Data section
*** Begin section ***

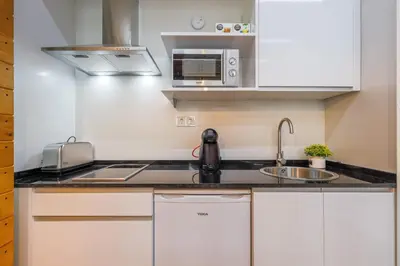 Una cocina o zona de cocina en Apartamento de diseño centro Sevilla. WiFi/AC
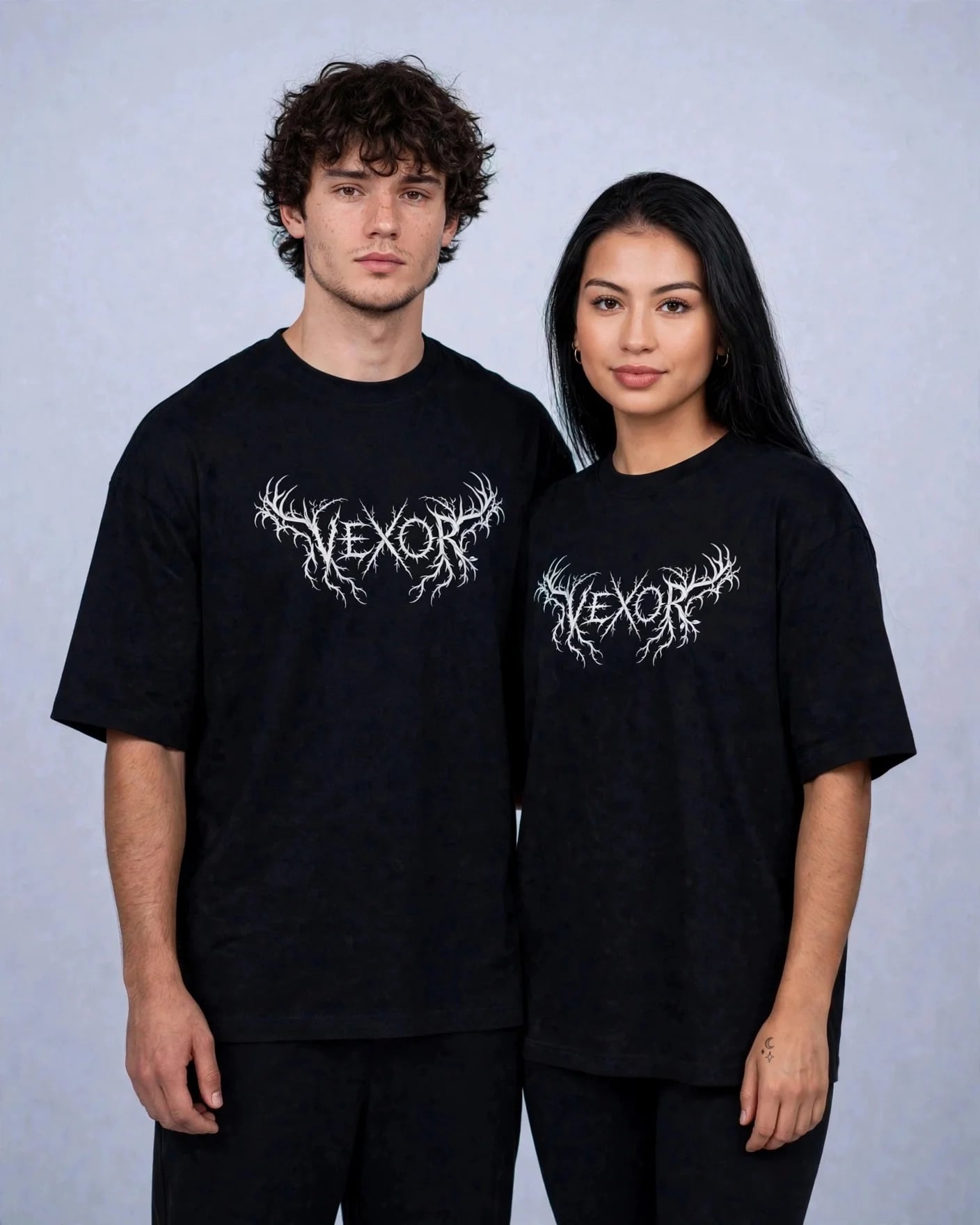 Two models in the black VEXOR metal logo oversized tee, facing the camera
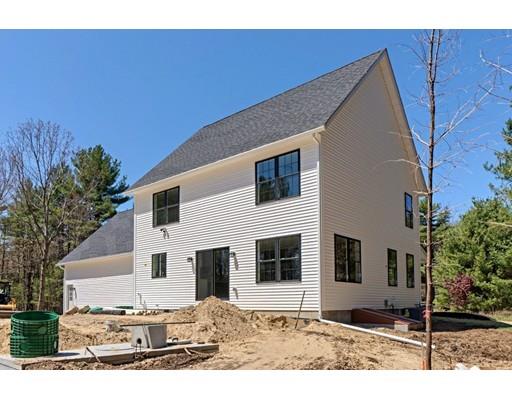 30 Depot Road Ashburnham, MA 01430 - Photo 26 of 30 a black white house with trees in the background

*** End section ***

What you have to do
When you write out the material again, keep every word exact and omit the pictures.

Exercise solution
 Una cocina o zona de cocina en Apartamento de diseño centro Sevilla. WiFi/AC
 Two models in the black VEXOR metal logo oversized tee, facing the camera
 30 Depot Road Ashburnham, MA 01430 - Photo 26 of 30 a black white house with trees in the background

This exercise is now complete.